There are also serious concerns with following Temasek or SASAC model. Recent experience indicates South Africa is littered with evidence of half-hearted solutions. There are similarities between the process to amend section 25 of the constitution and SOE governance. For example, the proposed text for the amendment says absolutely nothing in lieu of the Nasrec resolution on land expropriation without compensation.
It is predicted that the change from DPE to the proposed SOE Council could take place along the same lines. Not well meant at all, or to create false hope and confusion. The problem is created by highly opposing positions between the ANC in Luthuli House and ANC in government. Neither the Chinese Communist Party nor the People’s Action Party in Singapore would ever allow such occurrence to happen. The public spat over Eskom just goes to show that there is a very long way to go.

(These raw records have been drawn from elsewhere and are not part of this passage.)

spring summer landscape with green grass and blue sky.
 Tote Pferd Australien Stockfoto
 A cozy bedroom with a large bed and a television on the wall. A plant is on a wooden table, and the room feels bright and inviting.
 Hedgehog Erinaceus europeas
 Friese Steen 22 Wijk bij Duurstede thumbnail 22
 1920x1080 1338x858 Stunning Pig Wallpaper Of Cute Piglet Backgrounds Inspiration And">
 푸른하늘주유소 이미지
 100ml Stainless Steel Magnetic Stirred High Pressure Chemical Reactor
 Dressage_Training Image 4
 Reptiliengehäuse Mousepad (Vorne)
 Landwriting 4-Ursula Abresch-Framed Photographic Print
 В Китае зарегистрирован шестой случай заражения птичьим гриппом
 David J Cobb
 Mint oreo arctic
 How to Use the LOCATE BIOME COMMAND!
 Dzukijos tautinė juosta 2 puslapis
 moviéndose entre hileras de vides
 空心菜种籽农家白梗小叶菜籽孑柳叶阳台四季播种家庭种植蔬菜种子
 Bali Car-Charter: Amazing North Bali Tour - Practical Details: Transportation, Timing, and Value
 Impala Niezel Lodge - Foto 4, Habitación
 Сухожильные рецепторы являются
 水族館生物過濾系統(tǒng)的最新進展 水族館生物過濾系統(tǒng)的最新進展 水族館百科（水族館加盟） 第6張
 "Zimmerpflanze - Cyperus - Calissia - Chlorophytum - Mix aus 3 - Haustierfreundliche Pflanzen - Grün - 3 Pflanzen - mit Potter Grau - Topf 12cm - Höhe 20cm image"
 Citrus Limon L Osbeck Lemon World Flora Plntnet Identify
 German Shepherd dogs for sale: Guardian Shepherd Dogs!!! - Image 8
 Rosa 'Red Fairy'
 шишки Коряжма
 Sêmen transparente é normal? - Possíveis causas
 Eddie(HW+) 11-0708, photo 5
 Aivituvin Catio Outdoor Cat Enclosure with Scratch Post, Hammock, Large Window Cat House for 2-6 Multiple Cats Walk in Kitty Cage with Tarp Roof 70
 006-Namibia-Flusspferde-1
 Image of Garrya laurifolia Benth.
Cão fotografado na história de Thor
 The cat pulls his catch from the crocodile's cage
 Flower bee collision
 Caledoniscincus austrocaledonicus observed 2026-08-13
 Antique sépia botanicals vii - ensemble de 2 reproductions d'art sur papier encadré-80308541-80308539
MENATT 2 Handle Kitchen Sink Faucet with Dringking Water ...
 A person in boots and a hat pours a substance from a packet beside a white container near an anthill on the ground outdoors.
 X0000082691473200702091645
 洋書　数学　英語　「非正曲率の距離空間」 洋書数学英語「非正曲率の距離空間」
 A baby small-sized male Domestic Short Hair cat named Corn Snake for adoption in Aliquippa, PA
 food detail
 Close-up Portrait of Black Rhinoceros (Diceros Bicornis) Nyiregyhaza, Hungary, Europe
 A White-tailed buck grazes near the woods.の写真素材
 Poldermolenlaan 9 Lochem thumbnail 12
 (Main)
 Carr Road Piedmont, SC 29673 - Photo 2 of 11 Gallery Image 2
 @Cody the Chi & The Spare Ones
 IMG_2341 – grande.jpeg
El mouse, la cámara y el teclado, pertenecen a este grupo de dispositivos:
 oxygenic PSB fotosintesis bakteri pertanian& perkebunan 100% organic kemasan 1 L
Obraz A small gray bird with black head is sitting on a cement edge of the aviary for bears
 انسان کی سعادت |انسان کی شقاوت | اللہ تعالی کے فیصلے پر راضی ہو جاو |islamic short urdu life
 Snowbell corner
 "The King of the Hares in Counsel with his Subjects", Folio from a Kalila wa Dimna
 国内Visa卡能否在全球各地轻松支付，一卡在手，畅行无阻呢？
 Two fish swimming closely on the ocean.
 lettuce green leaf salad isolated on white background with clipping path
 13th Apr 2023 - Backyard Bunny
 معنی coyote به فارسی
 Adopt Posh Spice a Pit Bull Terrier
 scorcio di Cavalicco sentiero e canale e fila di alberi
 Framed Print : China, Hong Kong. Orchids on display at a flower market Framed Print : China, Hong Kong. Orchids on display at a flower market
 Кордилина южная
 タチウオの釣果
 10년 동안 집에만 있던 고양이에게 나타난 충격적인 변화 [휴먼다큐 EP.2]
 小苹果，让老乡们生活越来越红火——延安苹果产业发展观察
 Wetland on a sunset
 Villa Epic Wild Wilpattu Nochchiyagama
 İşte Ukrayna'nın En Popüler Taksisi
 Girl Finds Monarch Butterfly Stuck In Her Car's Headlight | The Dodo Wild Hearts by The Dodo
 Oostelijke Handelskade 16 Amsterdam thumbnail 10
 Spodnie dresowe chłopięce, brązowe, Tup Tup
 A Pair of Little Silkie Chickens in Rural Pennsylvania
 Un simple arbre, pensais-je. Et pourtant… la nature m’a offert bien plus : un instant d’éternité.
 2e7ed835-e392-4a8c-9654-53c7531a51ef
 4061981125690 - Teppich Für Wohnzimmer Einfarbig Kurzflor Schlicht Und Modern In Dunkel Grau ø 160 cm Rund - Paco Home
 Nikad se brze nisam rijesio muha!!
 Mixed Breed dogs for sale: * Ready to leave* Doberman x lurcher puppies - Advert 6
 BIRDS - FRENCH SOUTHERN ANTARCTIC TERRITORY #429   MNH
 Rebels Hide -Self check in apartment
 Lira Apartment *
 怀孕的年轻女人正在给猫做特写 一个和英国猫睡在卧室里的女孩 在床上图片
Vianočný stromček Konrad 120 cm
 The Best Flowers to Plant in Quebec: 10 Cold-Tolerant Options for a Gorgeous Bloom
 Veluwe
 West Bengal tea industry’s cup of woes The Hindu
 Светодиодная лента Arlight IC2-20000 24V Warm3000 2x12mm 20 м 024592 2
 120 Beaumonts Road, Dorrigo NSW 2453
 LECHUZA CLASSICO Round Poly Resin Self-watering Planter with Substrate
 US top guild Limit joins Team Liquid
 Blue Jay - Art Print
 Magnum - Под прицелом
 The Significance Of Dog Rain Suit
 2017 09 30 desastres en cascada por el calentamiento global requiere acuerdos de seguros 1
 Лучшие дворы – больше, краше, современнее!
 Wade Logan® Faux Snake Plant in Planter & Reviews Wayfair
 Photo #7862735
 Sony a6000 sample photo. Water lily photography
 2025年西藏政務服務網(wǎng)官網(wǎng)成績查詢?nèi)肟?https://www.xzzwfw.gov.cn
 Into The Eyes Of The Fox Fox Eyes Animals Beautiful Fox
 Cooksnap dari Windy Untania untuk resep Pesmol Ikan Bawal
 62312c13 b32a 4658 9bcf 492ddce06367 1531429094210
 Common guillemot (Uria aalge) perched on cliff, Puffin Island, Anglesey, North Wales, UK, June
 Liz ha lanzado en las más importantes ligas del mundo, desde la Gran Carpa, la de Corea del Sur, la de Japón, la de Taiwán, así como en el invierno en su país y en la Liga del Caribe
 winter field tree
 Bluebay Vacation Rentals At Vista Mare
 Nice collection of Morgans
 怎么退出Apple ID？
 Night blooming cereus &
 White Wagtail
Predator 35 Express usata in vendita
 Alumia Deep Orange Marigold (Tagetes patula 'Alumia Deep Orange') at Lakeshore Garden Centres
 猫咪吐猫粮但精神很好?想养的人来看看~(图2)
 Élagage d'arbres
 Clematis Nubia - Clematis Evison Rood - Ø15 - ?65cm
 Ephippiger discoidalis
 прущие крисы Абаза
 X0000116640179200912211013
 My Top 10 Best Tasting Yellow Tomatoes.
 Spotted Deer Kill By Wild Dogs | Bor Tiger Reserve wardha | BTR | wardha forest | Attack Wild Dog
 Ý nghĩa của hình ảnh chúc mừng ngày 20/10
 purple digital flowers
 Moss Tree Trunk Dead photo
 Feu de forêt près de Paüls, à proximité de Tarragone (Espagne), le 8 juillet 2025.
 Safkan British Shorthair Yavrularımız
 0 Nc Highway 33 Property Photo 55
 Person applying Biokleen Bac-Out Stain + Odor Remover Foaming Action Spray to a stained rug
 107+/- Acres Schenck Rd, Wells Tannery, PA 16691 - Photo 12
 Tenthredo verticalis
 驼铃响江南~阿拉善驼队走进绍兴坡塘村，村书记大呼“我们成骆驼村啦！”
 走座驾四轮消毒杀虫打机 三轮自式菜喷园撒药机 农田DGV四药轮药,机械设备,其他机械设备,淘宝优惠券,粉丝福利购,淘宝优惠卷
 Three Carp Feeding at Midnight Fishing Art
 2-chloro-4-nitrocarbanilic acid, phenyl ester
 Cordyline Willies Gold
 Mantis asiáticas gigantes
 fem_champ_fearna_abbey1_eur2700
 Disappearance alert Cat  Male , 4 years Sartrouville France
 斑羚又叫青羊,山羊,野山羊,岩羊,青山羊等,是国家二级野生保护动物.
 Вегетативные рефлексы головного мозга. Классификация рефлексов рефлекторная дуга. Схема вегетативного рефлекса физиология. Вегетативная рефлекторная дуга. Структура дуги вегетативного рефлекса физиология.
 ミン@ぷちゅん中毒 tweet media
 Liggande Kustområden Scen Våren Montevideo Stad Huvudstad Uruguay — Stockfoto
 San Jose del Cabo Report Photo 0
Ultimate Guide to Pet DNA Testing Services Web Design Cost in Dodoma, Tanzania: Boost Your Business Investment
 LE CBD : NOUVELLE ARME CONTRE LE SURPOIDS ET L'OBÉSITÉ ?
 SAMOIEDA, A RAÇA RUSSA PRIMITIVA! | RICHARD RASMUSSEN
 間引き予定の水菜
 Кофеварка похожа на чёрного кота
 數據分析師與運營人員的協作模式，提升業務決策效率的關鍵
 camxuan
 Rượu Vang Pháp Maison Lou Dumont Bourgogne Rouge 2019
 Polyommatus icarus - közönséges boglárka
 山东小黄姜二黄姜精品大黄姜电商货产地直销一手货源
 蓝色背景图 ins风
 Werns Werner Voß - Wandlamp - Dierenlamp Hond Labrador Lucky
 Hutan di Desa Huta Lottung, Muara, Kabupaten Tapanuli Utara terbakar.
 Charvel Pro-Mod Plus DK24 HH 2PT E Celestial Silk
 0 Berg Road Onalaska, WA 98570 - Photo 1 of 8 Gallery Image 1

Furthermore, moving the SOEs to the SOE Council is unlikely to result in an efficient Temasek but yet another PIC that will disregard development imperatives and feed guzzling stomachs of greedy individuals like it occurred in Mexico in the early 1990s. When this happens, a loud arrogant scream ‘I did not join the struggle to be poor!’ will reverberate somewhere along the N1 highway linking Pretoria and Johannesburg.
With privatization, the state will lose control over strategic sectors like energy, water, logistics, airspace, defence, etc. For example, government holds minority stakes in Telkom and Vodacom (telecoms) as well as in Sasol (energy). And, it has no or little control over these companies in a true sense ever since they under went commercialization, another word for privatization.
There is an idea is to do partial privatization of Eskom along Telkom lines when the company is separated into three separate entities. Electricity generation was a guinea-pig with the highly secret renewable energy contracts that are said to be draining Eskom’s resources today. Although no asset was sold but the private sector is allowed in the space which will eventually replace state participation.
When something like that is permitted, it will pave the way for an outright sale once a state company is weakened like SAA. In the end, policymaking and control in respect of strategic sectors is likely to slip away from government to the private sector as it is the case with mining. It is deliberate that South Africa has no large state-owned mining company besides the state being a custodian of all mineral wealth.
In conclusion and based on a number of examples provided, it is incorrect to generalize SOEs as a problem based on the chaotic manner they are presently being managed and diverted from their core mandates. It is undisputed that some may have to be discarded but many have potential to contribute to the economy. Sovereignty of the South African state lies in its ability to take full control of key and strategic sectors in the economy.
Unfortunately bickering on ownership control of the SOEs and maladministration pose a threat to the economy. Furthermore, there is a huge political risk in the perception that has been created that SOEs are an unnecessary burden. Loss of SOEs due to inability to manage them efficiently at different levels means South Africa miss a great opportunity to change lives of millions within and outside its borders.